Please read chapter 5, “Fourth A: The Attention Lesson,” in Wife School.
Week Five, Day One
Inattentiveness Sets In after the Wedding
The opposite of giving attention is inattentiveness. An extremely common occurrence is that after a few months/years of marriage, the husband’s honey-do list no longer gets the priority it once did.
“I think I taste mayonnaise on this sandwich,” your husband says. “I don’t like mayo. Remember?”
“Well…uh…I forgot because I was trying to get the kids out the door,” you say.
Inattentiveness is the opposite of filling your husband’s tank with the 8 A’s. It is draining the tank. Be on the alert to your husband’s requests and preferences. I am not exaggerating when I tell you that if my husband asks me for something (for this is a weakness for me), I will sometimes tape a note to my bathroom mirror. You are probably not as dense as me, but do what works for you.
Examples of inattentiveness abound everywhere. One husband said how hurtful it was that he had written a book and that his wife wasn’t even interested in reading it. If you are not interested in your husband’s job, goals, or hobbies, it is highly likely that he is vastly disappointed in you as a wife. Men long for their wives to be extremely attentive to them in all areas.
Proverbs 31 says, “Her husband has full confidence in her” and “She does him good, not harm, all the days of his life.” This does not describe a wife who forgets her husband’s honey-do list or who is uninterested in his preferences and interests.
Thirty years ago when I was a new believer, I had a wedding luncheon for my friend Gayle. Her father and mother arrived at the event, and the first thing Gayle’s mother said to me was, “Could you please get me a cup of punch for my husband?” Being a new believer and having no idea about marriage, my thought was, “Why can’t he get his own punch?” I now understand how wise wives give their husbands this kind of attention. That woman was Joyce Rogers, wife of the late world-famous evangelist and pastor Dr. Adrian Rogers.
Week Five, Day Two
The Art of Being a Good Conversationalist with Your Husband
In chapter 5 of Wife School this week, you read the section where the Genie instructs Jessica to “hit the ping pong ball back” to Matthew. We will build on that discussion.

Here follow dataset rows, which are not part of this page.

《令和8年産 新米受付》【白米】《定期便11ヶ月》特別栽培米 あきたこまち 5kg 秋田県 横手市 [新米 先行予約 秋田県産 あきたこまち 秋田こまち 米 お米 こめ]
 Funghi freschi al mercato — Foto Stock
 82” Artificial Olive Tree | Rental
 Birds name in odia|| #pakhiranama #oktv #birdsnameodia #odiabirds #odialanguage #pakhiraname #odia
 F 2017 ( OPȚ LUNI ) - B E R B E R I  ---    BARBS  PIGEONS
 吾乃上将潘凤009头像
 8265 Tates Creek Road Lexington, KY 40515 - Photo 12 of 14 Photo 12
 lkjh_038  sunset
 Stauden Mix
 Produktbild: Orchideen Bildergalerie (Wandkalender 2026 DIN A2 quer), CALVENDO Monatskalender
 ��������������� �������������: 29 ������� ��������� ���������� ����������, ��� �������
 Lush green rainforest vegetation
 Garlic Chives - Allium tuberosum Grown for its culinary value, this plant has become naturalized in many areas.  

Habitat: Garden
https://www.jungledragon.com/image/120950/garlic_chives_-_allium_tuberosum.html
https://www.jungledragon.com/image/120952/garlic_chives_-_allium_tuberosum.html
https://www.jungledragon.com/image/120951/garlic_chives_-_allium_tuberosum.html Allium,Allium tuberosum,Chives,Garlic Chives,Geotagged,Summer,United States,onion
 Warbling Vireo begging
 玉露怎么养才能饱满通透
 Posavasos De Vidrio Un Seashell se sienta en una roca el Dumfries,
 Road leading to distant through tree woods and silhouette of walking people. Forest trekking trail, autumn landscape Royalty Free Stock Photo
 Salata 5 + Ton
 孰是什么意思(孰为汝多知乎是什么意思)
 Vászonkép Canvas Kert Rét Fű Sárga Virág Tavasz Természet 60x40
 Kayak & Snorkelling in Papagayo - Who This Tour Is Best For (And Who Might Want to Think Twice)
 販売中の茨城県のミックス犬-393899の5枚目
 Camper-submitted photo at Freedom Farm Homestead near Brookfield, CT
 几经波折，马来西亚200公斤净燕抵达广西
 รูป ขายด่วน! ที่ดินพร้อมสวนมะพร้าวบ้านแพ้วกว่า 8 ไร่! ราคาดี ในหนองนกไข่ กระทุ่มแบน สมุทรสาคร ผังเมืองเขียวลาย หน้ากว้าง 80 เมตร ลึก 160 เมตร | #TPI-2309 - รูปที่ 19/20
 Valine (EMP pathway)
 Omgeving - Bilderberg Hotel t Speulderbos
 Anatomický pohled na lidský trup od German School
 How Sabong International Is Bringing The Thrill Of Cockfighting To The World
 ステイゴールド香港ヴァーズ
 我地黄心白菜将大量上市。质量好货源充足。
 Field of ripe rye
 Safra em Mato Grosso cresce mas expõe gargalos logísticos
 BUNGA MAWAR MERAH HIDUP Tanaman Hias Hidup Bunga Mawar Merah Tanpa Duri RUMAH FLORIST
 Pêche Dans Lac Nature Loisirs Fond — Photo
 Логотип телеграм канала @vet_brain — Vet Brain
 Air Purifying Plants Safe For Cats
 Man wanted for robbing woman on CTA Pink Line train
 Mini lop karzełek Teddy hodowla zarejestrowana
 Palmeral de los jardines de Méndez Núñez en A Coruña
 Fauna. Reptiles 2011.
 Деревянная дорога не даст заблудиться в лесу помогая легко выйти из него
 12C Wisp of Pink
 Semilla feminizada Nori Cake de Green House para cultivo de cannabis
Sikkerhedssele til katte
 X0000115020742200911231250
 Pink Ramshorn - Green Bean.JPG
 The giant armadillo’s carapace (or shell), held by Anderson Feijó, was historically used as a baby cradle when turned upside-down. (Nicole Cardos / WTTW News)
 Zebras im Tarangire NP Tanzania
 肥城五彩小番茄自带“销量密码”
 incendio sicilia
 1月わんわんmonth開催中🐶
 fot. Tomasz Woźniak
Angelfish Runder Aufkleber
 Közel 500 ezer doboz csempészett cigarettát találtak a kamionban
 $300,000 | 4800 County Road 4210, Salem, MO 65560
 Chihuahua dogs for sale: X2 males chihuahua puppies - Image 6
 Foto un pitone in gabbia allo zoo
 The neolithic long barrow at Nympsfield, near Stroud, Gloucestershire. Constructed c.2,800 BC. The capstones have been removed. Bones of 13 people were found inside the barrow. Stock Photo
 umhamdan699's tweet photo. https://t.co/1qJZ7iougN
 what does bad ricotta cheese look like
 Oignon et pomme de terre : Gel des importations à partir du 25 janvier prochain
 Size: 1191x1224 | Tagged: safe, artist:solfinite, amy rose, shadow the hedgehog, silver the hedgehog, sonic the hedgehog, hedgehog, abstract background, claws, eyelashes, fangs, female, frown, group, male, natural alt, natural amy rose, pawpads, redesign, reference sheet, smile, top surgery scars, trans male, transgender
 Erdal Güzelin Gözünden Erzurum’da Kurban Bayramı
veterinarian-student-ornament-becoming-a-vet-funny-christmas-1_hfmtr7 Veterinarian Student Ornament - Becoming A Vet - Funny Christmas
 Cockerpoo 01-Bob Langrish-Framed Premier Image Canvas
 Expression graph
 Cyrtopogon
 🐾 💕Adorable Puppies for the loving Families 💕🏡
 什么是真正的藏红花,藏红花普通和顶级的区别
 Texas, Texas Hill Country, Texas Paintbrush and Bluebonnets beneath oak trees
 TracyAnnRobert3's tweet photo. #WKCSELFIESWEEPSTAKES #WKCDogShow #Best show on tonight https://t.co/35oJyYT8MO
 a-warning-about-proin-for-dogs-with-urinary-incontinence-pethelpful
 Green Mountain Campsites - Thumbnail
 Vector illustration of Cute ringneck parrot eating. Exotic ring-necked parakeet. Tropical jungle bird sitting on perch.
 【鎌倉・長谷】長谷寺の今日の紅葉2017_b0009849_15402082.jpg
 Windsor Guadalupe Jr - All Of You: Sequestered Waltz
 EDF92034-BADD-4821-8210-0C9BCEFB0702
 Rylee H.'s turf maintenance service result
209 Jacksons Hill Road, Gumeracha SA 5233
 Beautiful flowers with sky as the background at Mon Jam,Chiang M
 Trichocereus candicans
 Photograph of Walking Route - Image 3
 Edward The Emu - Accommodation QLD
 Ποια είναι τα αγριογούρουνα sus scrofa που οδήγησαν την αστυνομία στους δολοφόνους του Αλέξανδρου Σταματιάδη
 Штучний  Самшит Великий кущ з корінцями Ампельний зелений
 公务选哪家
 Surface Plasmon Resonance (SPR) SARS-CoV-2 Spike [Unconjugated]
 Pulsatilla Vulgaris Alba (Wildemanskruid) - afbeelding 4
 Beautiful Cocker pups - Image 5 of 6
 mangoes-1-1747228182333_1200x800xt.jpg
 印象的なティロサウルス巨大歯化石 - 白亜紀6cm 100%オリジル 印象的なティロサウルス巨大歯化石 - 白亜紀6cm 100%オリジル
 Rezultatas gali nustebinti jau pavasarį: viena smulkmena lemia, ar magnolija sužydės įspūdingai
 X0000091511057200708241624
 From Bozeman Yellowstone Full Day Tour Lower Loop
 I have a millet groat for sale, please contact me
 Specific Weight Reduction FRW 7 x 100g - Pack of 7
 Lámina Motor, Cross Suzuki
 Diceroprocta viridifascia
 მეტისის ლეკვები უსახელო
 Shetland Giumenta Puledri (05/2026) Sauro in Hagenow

Imagine you are having a conversation with a friend about a topic that you truly care about. You go off about this and that because you are very excited about this subject. Then, your friend makes a comment and takes the conversation in a completely different direction. Why, you didn’t get to talk about all you wanted to! Or in contrast, imagine you are having lunch with a dear friend, and she sits and listens, letting you talk and think and turn over your subject and then think and talk some more. What a difference in the friendships! How we yearn for friends who will listen until we have been completely emptied and heard!
And your husband is the same way. The problem is, you are bored with many of his topics. You do not want to hear about the same business proposal again. You do not want to hear about his workout again and how many reps he did. It is normal for wives not to be interested in many of their husbands’ details, but we Proverbs 14:1 women are not normal. We are Marriage Champions! So, you must learn to hit the ping pong ball back to your husband until he is through talking about a subject. Being this kind of good listener—where you pay rapt attention, ask good questions, and don’t give too much advice—is about as rare as finding loose hundred-dollar bills. So many affairs start because someone else had time to listen, understand, and be interested.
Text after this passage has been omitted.